Oh, and after that ya can probably cut off his/her feet and arms (SinCity) and then ya can just laugh a bit.

and btw, I'm back! :smile: ain't that cool? did ya miss me?
 
go to the centralradio, cry a bit and say that the lighter and the cigar were a gift for your grandmother dying of lungcancer.
then get you grandmother to beat the fool who returns them.
 
Nairagorn said:
Was your coat hanging up somewhere? Were you wearing it?

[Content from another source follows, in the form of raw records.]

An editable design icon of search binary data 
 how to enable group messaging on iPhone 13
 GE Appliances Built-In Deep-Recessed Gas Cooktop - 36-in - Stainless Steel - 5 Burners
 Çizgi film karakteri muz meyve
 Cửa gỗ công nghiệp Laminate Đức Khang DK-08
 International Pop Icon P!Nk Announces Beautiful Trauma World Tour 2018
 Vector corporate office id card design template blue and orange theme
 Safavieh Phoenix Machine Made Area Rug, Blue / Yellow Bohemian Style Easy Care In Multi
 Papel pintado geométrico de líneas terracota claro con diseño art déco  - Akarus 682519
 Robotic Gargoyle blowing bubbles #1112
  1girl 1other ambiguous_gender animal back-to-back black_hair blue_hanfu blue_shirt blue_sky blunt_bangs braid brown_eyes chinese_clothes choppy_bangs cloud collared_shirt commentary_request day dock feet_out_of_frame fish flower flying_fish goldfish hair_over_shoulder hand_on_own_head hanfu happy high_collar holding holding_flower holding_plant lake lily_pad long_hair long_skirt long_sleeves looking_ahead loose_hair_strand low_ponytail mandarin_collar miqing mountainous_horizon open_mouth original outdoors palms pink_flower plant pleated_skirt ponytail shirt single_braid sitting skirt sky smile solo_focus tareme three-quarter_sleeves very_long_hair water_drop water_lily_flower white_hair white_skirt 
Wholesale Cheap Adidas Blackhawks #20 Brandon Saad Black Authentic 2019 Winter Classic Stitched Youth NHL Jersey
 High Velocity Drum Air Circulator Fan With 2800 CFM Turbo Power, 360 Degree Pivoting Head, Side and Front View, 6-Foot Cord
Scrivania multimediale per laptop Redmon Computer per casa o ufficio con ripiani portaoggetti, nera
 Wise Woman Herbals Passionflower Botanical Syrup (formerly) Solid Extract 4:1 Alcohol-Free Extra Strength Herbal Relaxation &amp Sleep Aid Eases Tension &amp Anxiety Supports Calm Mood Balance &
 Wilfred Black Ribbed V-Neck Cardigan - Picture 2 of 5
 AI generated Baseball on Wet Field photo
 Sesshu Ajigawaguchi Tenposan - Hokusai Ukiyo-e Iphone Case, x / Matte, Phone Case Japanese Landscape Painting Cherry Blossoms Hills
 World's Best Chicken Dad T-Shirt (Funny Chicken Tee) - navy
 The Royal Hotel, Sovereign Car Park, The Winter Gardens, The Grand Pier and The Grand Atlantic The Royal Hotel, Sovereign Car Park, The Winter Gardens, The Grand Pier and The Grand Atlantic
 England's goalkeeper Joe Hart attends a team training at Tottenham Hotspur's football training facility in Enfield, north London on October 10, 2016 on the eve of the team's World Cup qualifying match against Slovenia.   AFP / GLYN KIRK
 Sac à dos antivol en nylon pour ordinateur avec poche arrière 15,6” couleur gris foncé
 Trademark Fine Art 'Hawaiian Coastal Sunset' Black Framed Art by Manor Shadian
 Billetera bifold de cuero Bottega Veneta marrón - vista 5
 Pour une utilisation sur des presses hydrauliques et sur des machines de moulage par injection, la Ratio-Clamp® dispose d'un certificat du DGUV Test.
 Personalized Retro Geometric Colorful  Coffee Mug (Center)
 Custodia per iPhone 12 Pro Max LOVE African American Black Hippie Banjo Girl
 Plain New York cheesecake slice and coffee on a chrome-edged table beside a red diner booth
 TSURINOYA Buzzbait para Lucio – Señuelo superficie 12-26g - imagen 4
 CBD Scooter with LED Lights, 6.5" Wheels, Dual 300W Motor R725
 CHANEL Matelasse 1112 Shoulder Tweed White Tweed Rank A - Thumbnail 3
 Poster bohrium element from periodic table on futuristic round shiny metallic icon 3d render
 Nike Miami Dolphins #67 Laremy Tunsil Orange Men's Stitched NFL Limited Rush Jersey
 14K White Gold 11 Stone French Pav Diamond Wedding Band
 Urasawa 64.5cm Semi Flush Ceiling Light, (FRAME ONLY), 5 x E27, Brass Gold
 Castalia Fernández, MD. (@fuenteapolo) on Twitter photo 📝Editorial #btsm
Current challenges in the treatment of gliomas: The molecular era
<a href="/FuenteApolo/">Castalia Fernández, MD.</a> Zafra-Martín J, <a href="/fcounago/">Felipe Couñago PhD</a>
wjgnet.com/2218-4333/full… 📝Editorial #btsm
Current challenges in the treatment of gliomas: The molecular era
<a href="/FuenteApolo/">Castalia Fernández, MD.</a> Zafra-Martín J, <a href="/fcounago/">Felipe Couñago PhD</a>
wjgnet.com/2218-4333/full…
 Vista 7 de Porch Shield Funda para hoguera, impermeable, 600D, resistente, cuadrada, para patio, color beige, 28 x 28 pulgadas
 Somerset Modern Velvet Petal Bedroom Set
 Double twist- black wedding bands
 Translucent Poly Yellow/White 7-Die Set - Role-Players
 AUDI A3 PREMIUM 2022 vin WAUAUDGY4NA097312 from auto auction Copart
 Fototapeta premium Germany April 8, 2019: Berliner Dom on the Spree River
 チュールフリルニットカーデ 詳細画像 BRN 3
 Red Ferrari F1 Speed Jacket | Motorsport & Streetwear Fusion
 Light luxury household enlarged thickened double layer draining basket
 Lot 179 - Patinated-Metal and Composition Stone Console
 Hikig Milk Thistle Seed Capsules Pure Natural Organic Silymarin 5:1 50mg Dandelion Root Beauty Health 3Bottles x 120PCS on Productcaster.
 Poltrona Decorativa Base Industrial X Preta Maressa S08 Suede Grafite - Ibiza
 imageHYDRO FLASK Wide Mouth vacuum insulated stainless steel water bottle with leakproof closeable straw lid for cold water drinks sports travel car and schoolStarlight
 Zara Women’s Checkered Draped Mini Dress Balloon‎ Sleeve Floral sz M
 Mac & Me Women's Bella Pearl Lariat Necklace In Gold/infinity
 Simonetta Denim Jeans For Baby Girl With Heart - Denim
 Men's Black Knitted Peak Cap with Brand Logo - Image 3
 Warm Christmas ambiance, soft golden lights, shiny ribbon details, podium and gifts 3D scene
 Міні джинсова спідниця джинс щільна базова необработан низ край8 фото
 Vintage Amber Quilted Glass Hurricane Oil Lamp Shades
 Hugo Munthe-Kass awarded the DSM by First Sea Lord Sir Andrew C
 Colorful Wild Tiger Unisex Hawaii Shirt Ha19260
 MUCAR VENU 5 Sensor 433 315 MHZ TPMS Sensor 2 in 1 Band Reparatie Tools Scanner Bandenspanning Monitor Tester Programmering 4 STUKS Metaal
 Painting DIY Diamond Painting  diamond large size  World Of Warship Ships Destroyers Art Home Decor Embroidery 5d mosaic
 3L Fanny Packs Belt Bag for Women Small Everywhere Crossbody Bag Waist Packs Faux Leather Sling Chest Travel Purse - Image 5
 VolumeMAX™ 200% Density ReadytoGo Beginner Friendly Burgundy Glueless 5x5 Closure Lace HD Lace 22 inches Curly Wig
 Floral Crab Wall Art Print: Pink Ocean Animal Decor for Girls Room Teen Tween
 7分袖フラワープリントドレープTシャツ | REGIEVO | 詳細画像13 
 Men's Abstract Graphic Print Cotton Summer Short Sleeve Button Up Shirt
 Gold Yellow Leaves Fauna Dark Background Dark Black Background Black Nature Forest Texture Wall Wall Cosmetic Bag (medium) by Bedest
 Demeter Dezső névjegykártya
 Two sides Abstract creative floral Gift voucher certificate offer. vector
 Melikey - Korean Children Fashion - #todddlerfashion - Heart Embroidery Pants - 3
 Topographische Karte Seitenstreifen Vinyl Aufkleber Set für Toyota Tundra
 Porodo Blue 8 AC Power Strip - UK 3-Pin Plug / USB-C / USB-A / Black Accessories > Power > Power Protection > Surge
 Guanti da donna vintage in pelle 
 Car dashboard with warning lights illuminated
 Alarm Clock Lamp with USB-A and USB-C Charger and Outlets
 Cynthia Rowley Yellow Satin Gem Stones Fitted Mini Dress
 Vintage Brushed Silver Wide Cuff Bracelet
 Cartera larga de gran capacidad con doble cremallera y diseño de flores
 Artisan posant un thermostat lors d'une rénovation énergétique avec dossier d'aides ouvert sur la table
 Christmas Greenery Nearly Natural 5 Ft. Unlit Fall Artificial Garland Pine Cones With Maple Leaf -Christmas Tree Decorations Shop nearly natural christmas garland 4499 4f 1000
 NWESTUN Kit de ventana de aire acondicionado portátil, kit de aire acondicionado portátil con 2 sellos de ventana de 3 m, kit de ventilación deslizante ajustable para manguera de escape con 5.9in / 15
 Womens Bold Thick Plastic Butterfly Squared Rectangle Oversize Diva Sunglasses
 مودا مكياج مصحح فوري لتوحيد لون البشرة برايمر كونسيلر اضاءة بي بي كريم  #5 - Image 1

The coat was hanging outside the classroom. The teachers had warned us a few weeks back that there were thieves going about, but I thought they were overreacting. If I see some muppet digging the cigar out (I'm probably the only one in the school that smokes them regularly) at the smoking place, I'll introduce him to different forms of agony.
 
After my last visit to St. Petersburg underground, I'm actually planning to put some razor blades or fish hooks into my bag... Imagine this guy putting his hand in there, getting hurt and not able to take it off anymore without ripping half of his hand... Then return him to mr. Ohrana and go clean the bag.

They're quite skilled in Russia by the way, I've heard of one guy finding his wallet closed in the exactly same place, the same closed pocket inside his closed coat, with all the money gone. I mean, the wallet was closed, the pocket was closed, the pickpocket even closed the coat's buttons again! That's what I call skill.
 
Dig his heart out with a desert spoon, and then feed it to him. If you prefer, conduct the same punishment with the testicles, as this way, he may have time to eat them before he dies.
 
I just had a thought... What if it's a girl? does the normal 'never hit women' rule stand, or is a good old-fashioned slap allowed?